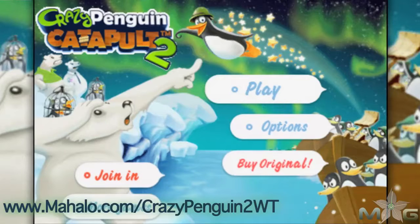Hey guys, Wally here with Mahalo Games, and I've got an educational video on how to beat the game Crazy Penguin Catapult 2 for the iPhone. This game is also playable on the iPad and iPod Touch. For more videos in this series, head over to www.mahalo.com/crazypenguin2wt.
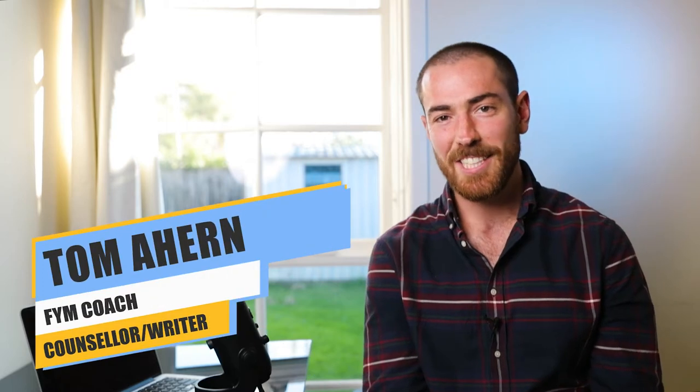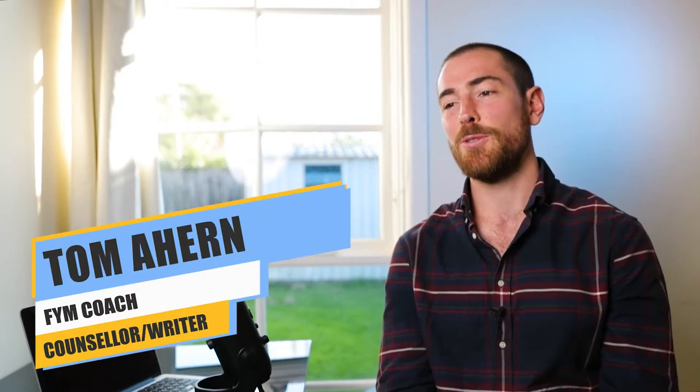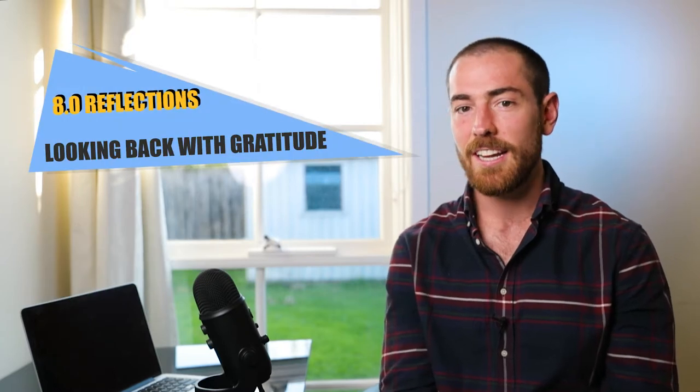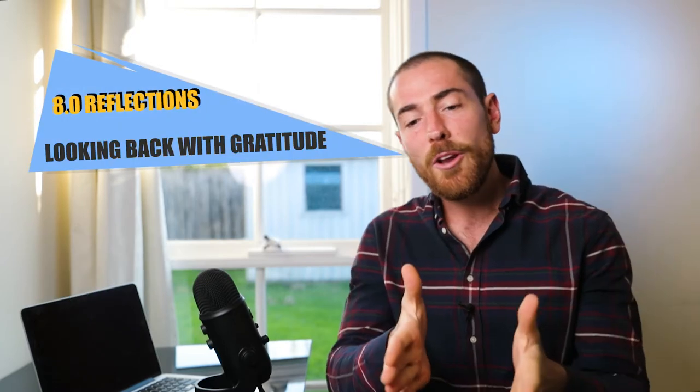Guys, you've made it to the final module of the Find Your Mission course, which is very exciting. I hope you know that finding your mission is congruent with the idea that you're actually creating one, and you have created one.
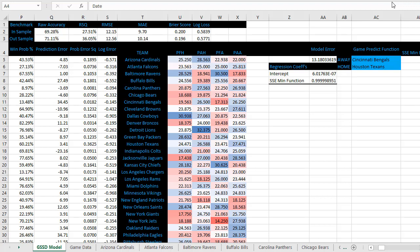NFL Model 2. We'll be using average team scores for home, against home, away, and against away. So rather than just using final score data like in Model 1, we'll now be segmenting based on home and away and adding a little more complexity into the model. Let's get started.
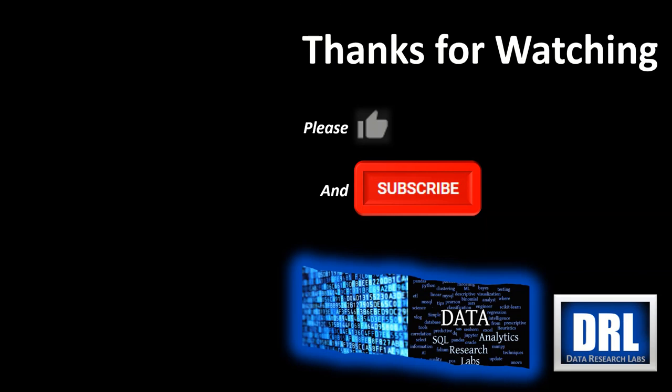Thank you for watching, and please, if you found this video helpful, click like and be sure to subscribe below. Thank you for watching, and we'll see you next time.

WORK ITEM:
Leave out the pictures and output the rest of the material exactly as written.

ANSWER TO THIS PROBLEM:
Hey guys, Wally here with Mahalo Games, and I've got an educational video on how to beat the game Crazy Penguin Catapult 2 for the iPhone. This game is also playable on the iPad and iPod Touch. For more videos in this series, head over to www.mahalo.com/crazypenguin2wt.
Guys, you've made it to the final module of the Find Your Mission course, which is very exciting. I hope you know that finding your mission is congruent with the idea that you're actually creating one, and you have created one.
NFL Model 2. We'll be using average team scores for home, against home, away, and against away. So rather than just using final score data like in Model 1, we'll now be segmenting based on home and away and adding a little more complexity into the model. Let's get started.
Thank you for watching, and please, if you found this video helpful, click like and be sure to subscribe below. Thank you for watching, and we'll see you next time.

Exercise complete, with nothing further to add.